По классификации Салтыкова-Щедрина, он был верующим не потому, что боялся черта, а потому, что любил бога, и его бог, как бог бабушки Горького, был бог милосердия и любви. Он регулярно по праздникам посещал церковные службы, эстетически воспринимал их и, когда случалось, например, за границей, посещал католические и протестантские храмы, а при проезде через Варшаву обязательно посещал хоральную синагогу.

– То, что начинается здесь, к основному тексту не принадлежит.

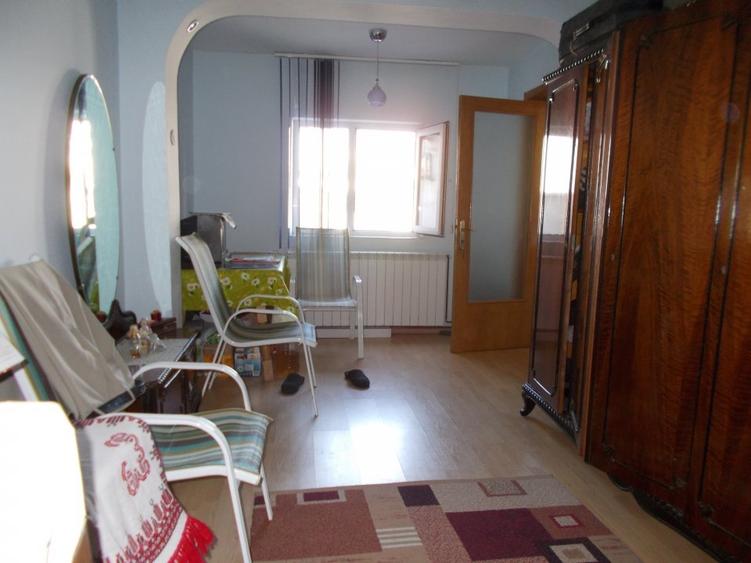 IDEAL AFACERE ,de locuit ,comercial,3 incaperi separate, 3grupuri sanitare gaze. - 5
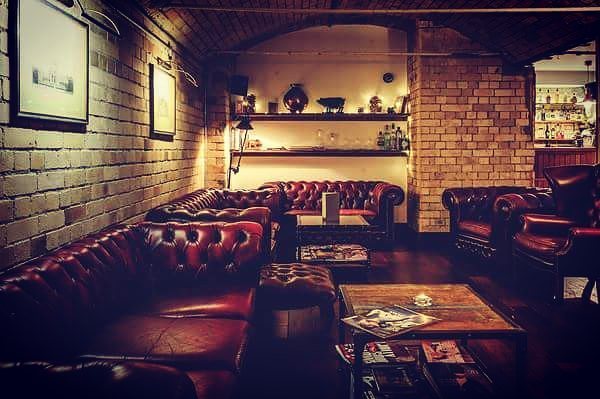 thepottedpig's tweet photo. Anyone else feel the chill creeping in this morning?

Our '2 courses for £12' lunch and a cosy corner seat are the… https://t.co/BagM0LrCGK https://t.co/4uaI5RvLVM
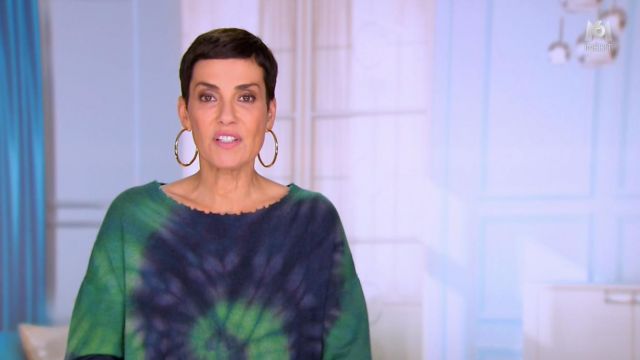 Le pull tie dye vert émeraude de Cristina Córdula dans Les reines du shopping du 03/12/2019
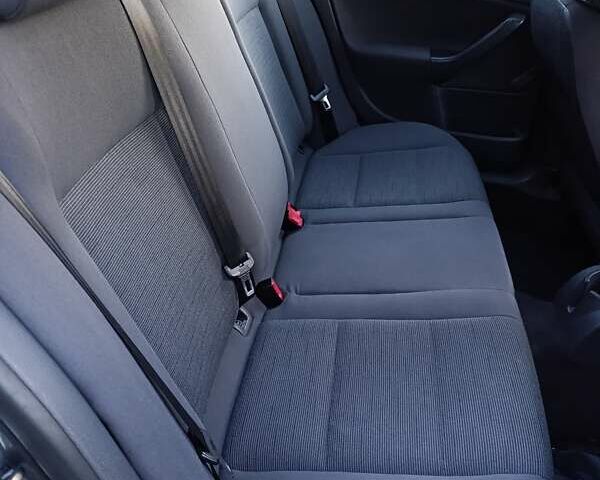 Сірий Фольксваген Гольф, об'ємом двигуна 1.39 л та пробігом 274 тис. км за 4000 $, фото 21 на Automoto.ua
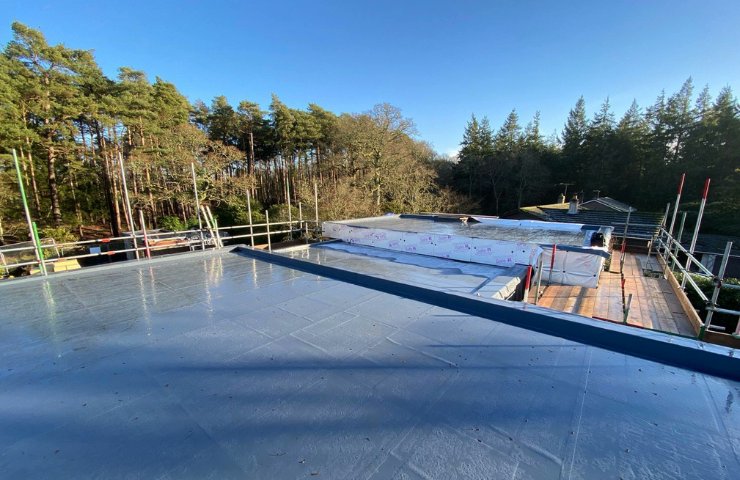 A full, sustainable ICB system build-up for this stunning New Forest development with a #greenroof, #solar PV system &amp; #roofsafety system to be installed next.

Read more here >> icbprojects.co.uk/7/blog/17/proj…

#construction #architecture #design #roofing #greenroof #solar #sustainable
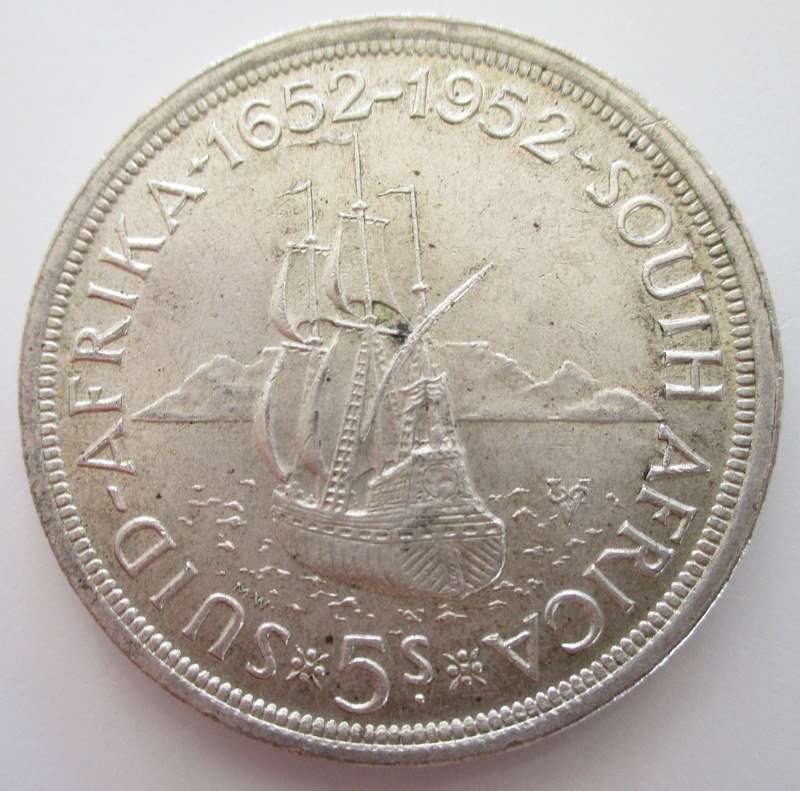 A 1952 SOUTH AFRICAN FIVE SHILLING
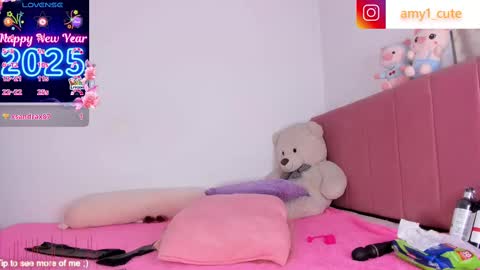 Snapshot of amy1cute chatting on 03/01/25, 12:17 Amy online show from 03/01/25, 12:17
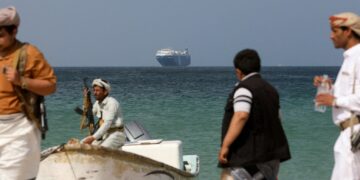 Boot met schutters benadert schip in Jemen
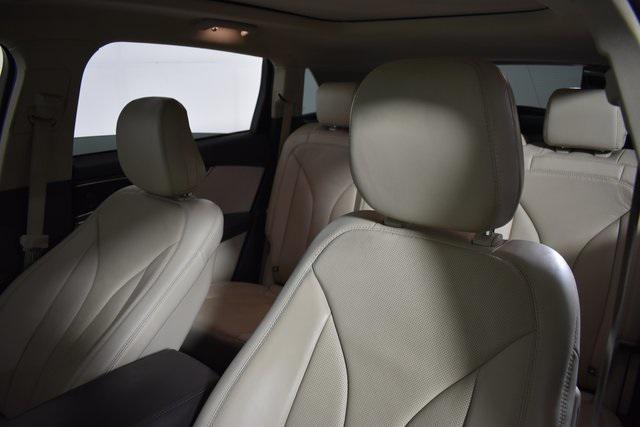 Photo of 2020 White Lincoln Nautilus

Отец мой получил самое скромное, как называли раньше – «домашнее» образование в селе, по профессии был коммерсант. Казалось, можно было ожидать, что в нашем семействе были домостроевские нравы. Ничего подобного! С очень раннего возраста я горячо спорил с отцом по политическим вопросам (отец был очень умеренных политических взглядов, т. к. очень не хотел революции), и, однако, я никогда не слышал от отца слов: «Замолчи, ты моложе меня», – он всегда спорил со мной как равный с равным. Могу сказать, что по отцовской линии у меня, вероятно, получен ген загребинизма. Должно быть, мой прапрадедушка, Артемий Петрович (самый отдаленный предок по отцу, известный мне), носил фамилию Загребин: фамилия чисто кулацкая, и он, как я уже говорил, торговал, будучи крепостным крестьянином. Но загребинизм в нашем роду проявлялся в разных формах: у отца был материальный загребинизм (он был делец, по активности не уступавший, несомненно, американцам) и несомненный умственный загребинизм: он с детства стремился к самообразованию, и умственные интересы, самые живые, сохранил до самой смерти. Умер он восьмидесяти шести лет от роду во время Великой Отечественной войны. У меня материальный загребинизм ослабел. Это вызвало в свое время огорчение моего отца, который (один из немногих) высоко ценил мои практические способности и иногда вздыхал: «Эх, если бы Саша мне помогал, мы бы пол-Новгородской губернии скупили». Эти вздохи выражали единственную ноту протеста против избранной мною научной карьеры, которой он не только не препятствовал, но всеми силами содействовал. После революции ему, конечно, не пришлось жалеть о сделанном мной выборе. Интеллектуальный загребинизм у меня сохранился полностью в смысле неослабевающего интереса к разнообразным и все более широким знаниям. Наконец, в моем генофонде имеется несомненный ген филантропизма. Об этом свидетельствует моя фамилия – Л юбищев. Основателем ее, кажется, был мой прадедушка Сергей Артемьевич, который любил говорить при обращении: «Любищипочтеннейший», отчего и произошла наша фамилия. Отец мой был исключительно благожелательный человек и всегда думал о людях лучше, чем они того заслуживали; и только тогда верил какому-нибудь порочащему слуху, когда все сомнения исчезали.